The problem is that after becoming single threaded there is no way to
fail the exec. The process calling exec must be terminated, or
you drop privs as we currently do.
That terminating the process that calls exec absolutely sucks for
debug-ability, plus you are changing where the work happens which
means auditing all of the security hooks, which is pain.
So I really don't think we want to perform the test after de_thread.
> With this in place it becomes trivial to also *deny* suid/sgid exec
> instead of trying to placate it. If you are sharing fs and are execing
> a binary in the first place, things are a little fishy. But if you are
> execing a suid/sgid, the kernel has to ignore the bit so either you
> are doing something wrong or are trying to exploit a bug. In order to
> sort this crapper out, I think one can start with a runtime tunable
> and a once-per-boot printk stating it denied such an exec (and stating
> how to bring it back). To be removed some time after hitting LTS
> perhaps.
There is a potential cleanup here that is worth exploring.
Not allowing clone(CLONE_THREAD | CLONE_FS). AKA forcing
all threads to share an fs_struct.
If we can do that then the reference to fs_struct can live in
signal_struct (potentially duplicated in current for performance).
Still that doesn't let us remove fs->in_exec.
Hmm..
The real issue is in_exec, and the convolutions it requires to maintain
it.
The simplest thing I can think of that doesn't meaningfully change
user-space behavior is to make any other calls to clone/fork and execve
fail with -EAGAIN, while our current execve is running.
In practice we already do that with clone/fork in copy_fs so we don't
need to worry about that case introducing regressions.
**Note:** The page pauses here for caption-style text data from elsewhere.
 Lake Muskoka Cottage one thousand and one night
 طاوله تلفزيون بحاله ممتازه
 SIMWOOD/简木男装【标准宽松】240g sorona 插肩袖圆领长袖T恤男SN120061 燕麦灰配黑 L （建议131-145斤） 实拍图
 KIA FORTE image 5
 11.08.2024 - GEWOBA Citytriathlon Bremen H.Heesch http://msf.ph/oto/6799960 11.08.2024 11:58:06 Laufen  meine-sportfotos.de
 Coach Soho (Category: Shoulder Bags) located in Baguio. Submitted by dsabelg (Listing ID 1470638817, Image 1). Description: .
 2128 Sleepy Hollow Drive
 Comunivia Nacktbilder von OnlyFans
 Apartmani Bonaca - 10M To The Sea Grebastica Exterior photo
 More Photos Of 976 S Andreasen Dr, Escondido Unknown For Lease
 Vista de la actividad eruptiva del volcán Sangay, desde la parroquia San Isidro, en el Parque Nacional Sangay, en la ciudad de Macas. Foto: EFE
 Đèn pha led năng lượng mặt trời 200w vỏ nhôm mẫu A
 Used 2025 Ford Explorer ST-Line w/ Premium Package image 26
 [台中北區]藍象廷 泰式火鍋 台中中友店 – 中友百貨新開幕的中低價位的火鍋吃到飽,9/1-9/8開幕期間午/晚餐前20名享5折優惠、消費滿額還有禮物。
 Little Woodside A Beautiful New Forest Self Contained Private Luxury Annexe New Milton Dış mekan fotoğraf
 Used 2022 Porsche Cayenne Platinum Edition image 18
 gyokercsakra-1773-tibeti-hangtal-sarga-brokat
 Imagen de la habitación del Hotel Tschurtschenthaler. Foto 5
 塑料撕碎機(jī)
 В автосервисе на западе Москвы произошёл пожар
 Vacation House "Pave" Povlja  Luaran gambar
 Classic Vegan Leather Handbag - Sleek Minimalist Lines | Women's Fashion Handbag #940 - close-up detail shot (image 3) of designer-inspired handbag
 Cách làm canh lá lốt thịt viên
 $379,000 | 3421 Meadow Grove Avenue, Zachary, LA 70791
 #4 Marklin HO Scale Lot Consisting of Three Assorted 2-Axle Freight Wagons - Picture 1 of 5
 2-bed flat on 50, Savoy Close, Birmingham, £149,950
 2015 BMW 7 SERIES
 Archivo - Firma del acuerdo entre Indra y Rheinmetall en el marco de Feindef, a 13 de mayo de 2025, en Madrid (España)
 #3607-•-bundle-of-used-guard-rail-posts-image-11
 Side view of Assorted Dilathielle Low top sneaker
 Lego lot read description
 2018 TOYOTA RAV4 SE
I can't see a meaningful use for racing calls of execve, so that
should not be a big deal.
That prevents any races with clearing the state if only one thread of a
process can be in execve at a time.
It would allow replacing both current->in_execve and
current->fs->in_exec.
We would probably use the sighand lock to protect whatever flag we use
in signal_struct. We can't use signal->flags as we are going to want
to keep this separate from the de_thread and group exit logic.
....
Those are the directions I would suggest exploring if you want simplicity.